__Directions for this task__
Find the line containing "Wie lese ich" in the records below. Copy exactly that line and each one after it, ending at the line containing "Stun Gun Illustration", and nothing more.

(Stored records)
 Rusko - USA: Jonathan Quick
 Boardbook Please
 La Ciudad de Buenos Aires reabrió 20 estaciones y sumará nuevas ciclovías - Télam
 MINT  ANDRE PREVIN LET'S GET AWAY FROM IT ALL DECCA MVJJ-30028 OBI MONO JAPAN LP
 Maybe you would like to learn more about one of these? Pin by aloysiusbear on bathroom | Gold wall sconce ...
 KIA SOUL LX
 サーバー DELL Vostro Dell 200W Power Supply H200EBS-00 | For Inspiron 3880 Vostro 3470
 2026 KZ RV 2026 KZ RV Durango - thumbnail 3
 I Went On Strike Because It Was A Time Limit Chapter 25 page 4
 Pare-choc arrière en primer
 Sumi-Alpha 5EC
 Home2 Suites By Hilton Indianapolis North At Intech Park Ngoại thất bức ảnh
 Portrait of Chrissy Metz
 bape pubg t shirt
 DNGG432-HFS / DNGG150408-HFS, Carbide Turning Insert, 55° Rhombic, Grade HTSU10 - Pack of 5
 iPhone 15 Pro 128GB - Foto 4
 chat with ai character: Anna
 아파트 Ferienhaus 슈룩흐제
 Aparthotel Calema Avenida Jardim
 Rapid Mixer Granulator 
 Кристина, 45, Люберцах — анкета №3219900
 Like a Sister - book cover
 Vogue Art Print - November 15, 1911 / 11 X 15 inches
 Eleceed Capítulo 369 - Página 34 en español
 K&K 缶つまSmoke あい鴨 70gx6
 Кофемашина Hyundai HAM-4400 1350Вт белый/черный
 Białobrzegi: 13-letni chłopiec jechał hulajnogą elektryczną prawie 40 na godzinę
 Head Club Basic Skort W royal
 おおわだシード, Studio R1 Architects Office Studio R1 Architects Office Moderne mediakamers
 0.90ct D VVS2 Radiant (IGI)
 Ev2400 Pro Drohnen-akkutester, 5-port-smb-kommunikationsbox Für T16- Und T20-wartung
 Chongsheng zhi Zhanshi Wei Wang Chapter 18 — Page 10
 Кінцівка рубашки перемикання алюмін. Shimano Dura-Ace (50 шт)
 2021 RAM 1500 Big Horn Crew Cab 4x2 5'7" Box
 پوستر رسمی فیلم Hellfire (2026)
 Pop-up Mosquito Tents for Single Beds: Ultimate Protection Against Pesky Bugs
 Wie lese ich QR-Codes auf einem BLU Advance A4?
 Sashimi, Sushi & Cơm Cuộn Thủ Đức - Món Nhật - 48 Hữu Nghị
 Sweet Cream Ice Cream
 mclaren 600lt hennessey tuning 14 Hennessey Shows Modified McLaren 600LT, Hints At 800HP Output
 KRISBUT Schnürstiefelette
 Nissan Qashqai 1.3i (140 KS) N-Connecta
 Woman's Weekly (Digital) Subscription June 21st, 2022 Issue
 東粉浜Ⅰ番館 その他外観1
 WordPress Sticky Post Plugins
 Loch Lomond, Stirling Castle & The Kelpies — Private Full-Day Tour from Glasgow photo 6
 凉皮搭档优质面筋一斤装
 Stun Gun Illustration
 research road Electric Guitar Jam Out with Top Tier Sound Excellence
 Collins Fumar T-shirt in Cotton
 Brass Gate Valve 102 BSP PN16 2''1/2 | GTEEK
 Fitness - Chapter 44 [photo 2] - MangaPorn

__Finished exercise__
 Wie lese ich QR-Codes auf einem BLU Advance A4?
 Sashimi, Sushi & Cơm Cuộn Thủ Đức - Món Nhật - 48 Hữu Nghị
 Sweet Cream Ice Cream
 mclaren 600lt hennessey tuning 14 Hennessey Shows Modified McLaren 600LT, Hints At 800HP Output
 KRISBUT Schnürstiefelette
 Nissan Qashqai 1.3i (140 KS) N-Connecta
 Woman's Weekly (Digital) Subscription June 21st, 2022 Issue
 東粉浜Ⅰ番館 その他外観1
 WordPress Sticky Post Plugins
 Loch Lomond, Stirling Castle & The Kelpies — Private Full-Day Tour from Glasgow photo 6
 凉皮搭档优质面筋一斤装
 Stun Gun Illustration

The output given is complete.